Go to your favourite search engine and do a search for the phrase “pamper yourself”. No wait, don’t. It’s a far too terrible thing to inflict upon an innocent net surfer.
If you were to do that search, you’d find an assortment of links, most of which are encouraging the person reading it to, indeed, pamper herself.
From this, it seems that the act of pampering takes many forms. Sometimes it’s a weekend away at a health resort, sometimes it’s curling up on the couch watching an old Katharine Hepburn/Spencer Tracy film, other times it’s drinking a cup of herbal tea.
But it seems that the most common, most mentioned form of pampering, the uber pamper is a long, hot bath, preferably by candlelight. A wet dream if ever there was one.
Like some people use drugs or alcohol to mask their troubles, others use herbal lavender fizzy bath balls with natural botanical extracts.
There are two kinds of baths. There’s a bath taken as a means of cleaning the body. These aren’t so common, as showers make cleaning youself quicker and easier. Then there’s the bath taken as a recreational activity, which has created the cult of bath.
The whole idea is that in this modern world we live in, everything is really fast-paced, hectic and stressful. But all this fast-paced hectic stress can be magically undone by submersing the body in a tub full of warm water. No wait, something is missing. There also needs to be candles (electric light is too stressful, apparently), some incense or essential oils wafting around, some bubble bath (or is it a foaming soak?), and maybe some jazz or other background music to add to the bath experience.
The cult of bath has grown in recent years. Bubble bath, the former domain of little kids (“make bathtime fun time!”) and large bosomed women with bouffant hair-dos and champagne glasses, has become totally mainstream.
Producing bubbles isn’t enough for a modern bubble bath. There has to be something else to give it that extra special touch. Natural ingedients are important. Even if the amount of rose extract is so small that by the time it gets in the water it’s practically non-existant with dilituion, that doesn’t matter. It’s something real and natural in this fast-paced, hectic, stressful world.
Also important is for the bubble bath to have an aromatherapy componant.
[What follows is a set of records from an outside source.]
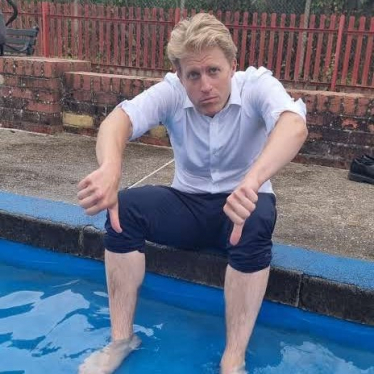 Dr Ben Spencer MP opposes closing Weybridge paddling pools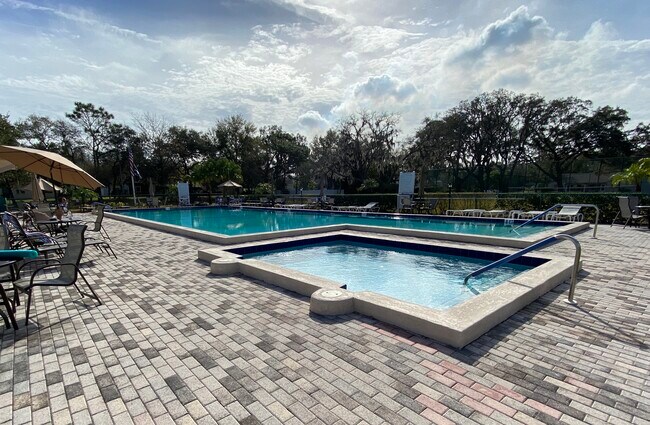 Foto del edificio - 12135 Fox Chase Dr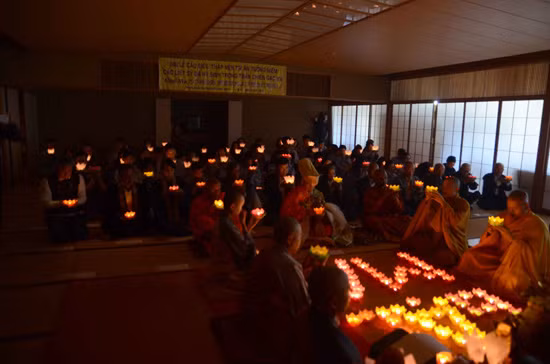 À Tokyo, une grande messe de requiem pour les héros de Gac Ma ảnh 2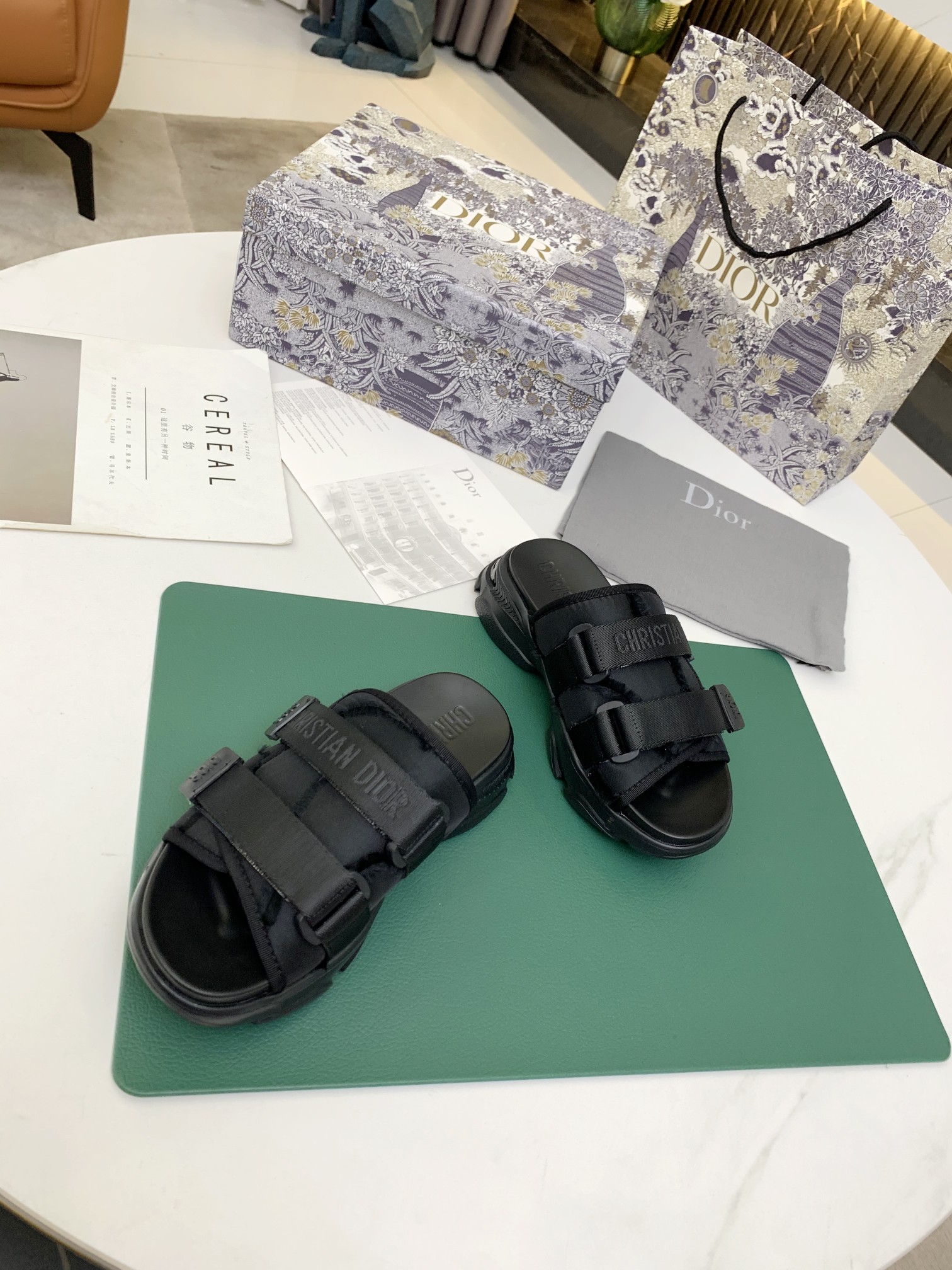 [TOP] Christian Dior Slippers - Black - 711 Luxury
This basically translates to a really strong smell. The idea being that soothing smells make people feel better. They also make people smell like cheap bubble bath.
Then there’s colourtherapy, which is just an excuse to dye the bubble bath garish shades of orange, and somehow the get-up-and-go of the colour orange will soak through to the bath-taker.
The cult of the bath has started to infiltrate shower culture too. When is hot water not soothing and relaxing? When it’s 7.00am and it’s spraying at you from a shower nozzle. The wonderful world of shower gel is the flipside of bubble bath. The ingredients are mostly the same, the only difference being that while bubble bath relaxes, shower gel invigourates.
I’ve noticed at my local supermarket the flavours of shower gel that always seem to sell the most are the ones that purport to be the shower-gel-equivalent of a cup of coffee. They are usually orange in colour and have a citrus fragrance. Grapefruit is popular, possibly as an alternative to eating one for breakfast. But, just as coffee isn’t a substitute for sleep, neither is shower gel.
My favourite cheap-crap shop has an exceptionally large range of bad bubble bath. For small dollar amounts you can buy really cheap-arse bubble bath. The packaging of some stuff is amazing. Some bottles come on sushi rolling mats and a pseudo feng shui design, others have bits of twine wrapped around to give it an earthy look.
There’s also stuff that gets described with phrases like “soothing muscle soak”. Well, I think it’s really the skin that’s being soaked in it. But it they’re going to include stuff that’s under the skin, it could be “caressing kidney soak” or “luscious lung lather”. Could there be a market for that?
Taking a bath can be really nice, but all the candles, bubble bath and other acoutrements won’t really make it anything other than a tub full of hot water. Like booze or drugs, a hot bath won’t make the troubles of the world go away, but it might make them seem less significant.
And remember: a bath may feel soothing, but it’s only one degree of separation from a spa pool full of fat people.